Preparations are being made to recover what is being dubbed a part of the lost literary heritage of Prague and the Czech Republic. These are some of the many letters written by world renowned author Franz Kafka of which almost no examples are left in his homeland.

Franz Kafka
Czech-German writer Franz Kafka spent most of his life in Prague and his last years in what was then Czechoslovakia. As well as his three main novels, The Trial, The Castle and The Metamorphosis, he was an inveterate writer of letters to those close to him. Unfortunately hardly anything in his original hand remains in his homeland. That is something the Prague-based Franz Kafka Society is now seeking to remedy.

The opportunity to do so could come up at a sale in a famous Berlin auction house next month. Under the hammer will be around 100 letters and other correspondence between Franz Kafka and his youngest sister, Ottla. The society has made a call on the culture minister, foreign minister and governor of the national bank, amongst others, to secure the letters for the nation.

Markéta Mališová is director of the society.

Franz Kafka with his sister Ottla
“Kafka’s deepest feelings were written down. If you want to get a rounded picture of Kafka then you can get it through his letters. They are not just messages but literary compositions and examples of his carefully honed phrases and extraordinary impressions. You can find all that in his letters. I would recommended them; his letters to his friends, Max Brod and sister Ottla. It is an inseparable part of Kafka’s work.”
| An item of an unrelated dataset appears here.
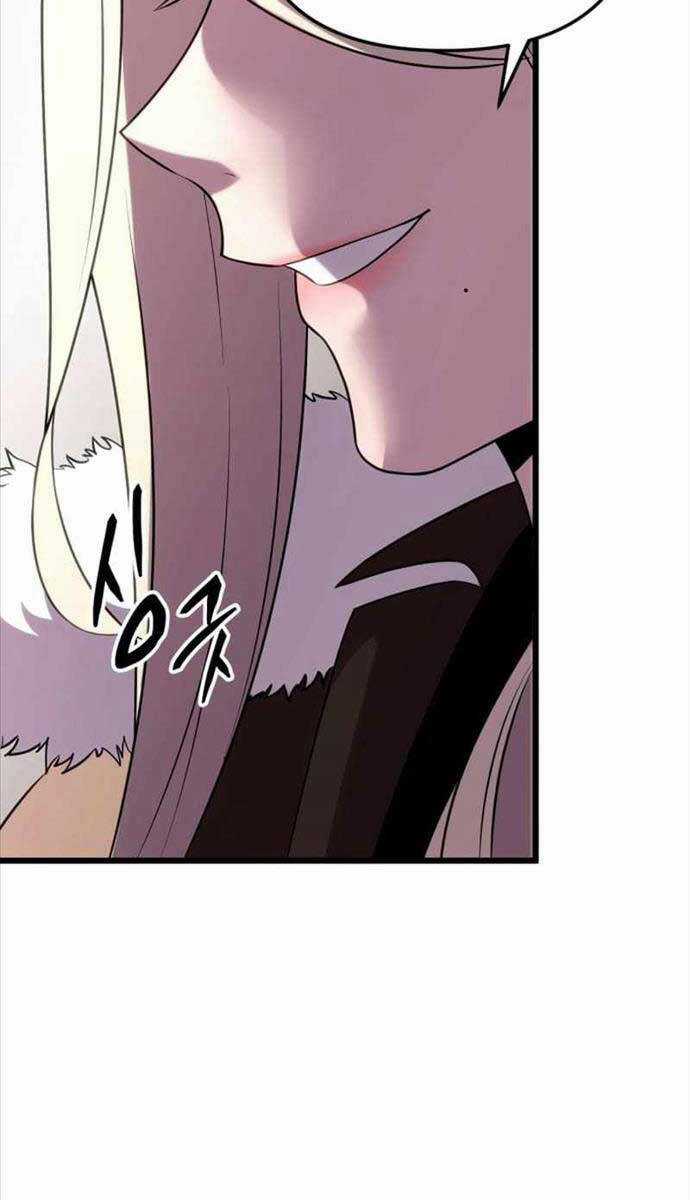 Ta Nhận Được Vật Phẩm Thần Thoại Chapter 86 trang 125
These letters are believed to have made their way out of the country, like most of the rest of the author’s literary legacy, in the 1960s. As a Jew his works were banned by the Nazis and found little favour amidst the latent anti-Semitism of the Communist regime in the 1950’s.
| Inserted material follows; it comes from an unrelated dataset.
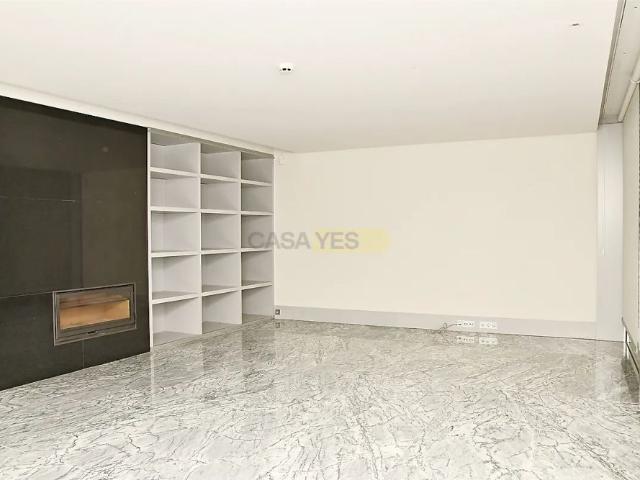 Apartamento alugar em Porto, Cedofeita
“Kafka was a very neglected author here. I could almost say that he was banned. Everything that was available gradually disappeared or was taken away. There was nothing stored, there was no archive. Here in the Czech Republic there are just a few official documents by him, maybe one or two letters, I’m not sure. But basically everything in his hand was taken away and is now in private collections or in the German literary archive in Marbach.”

Kafka's letter to his father
But the bidding is expected to be fierce for the collection of Kafka letters given the worldwide international interest from collectors and institutions. Estimates range from 500,000 to 700,000 euros for the lot. In an age of austerity can Czech public finances afford to make a bid for the letters. Markéta Mališová prefers to flip that question by asking can the Czech Republic afford not to acquire them.

“Kafka is like a cultural monument of the nation and Prague. When you look for the cultural personalities of our country, the representatives of our country culturally abroad, I would say it is Franz Kafka, Antonín Dvořák, and Václav Havel. I would say these are the ones you most hear about in the world.”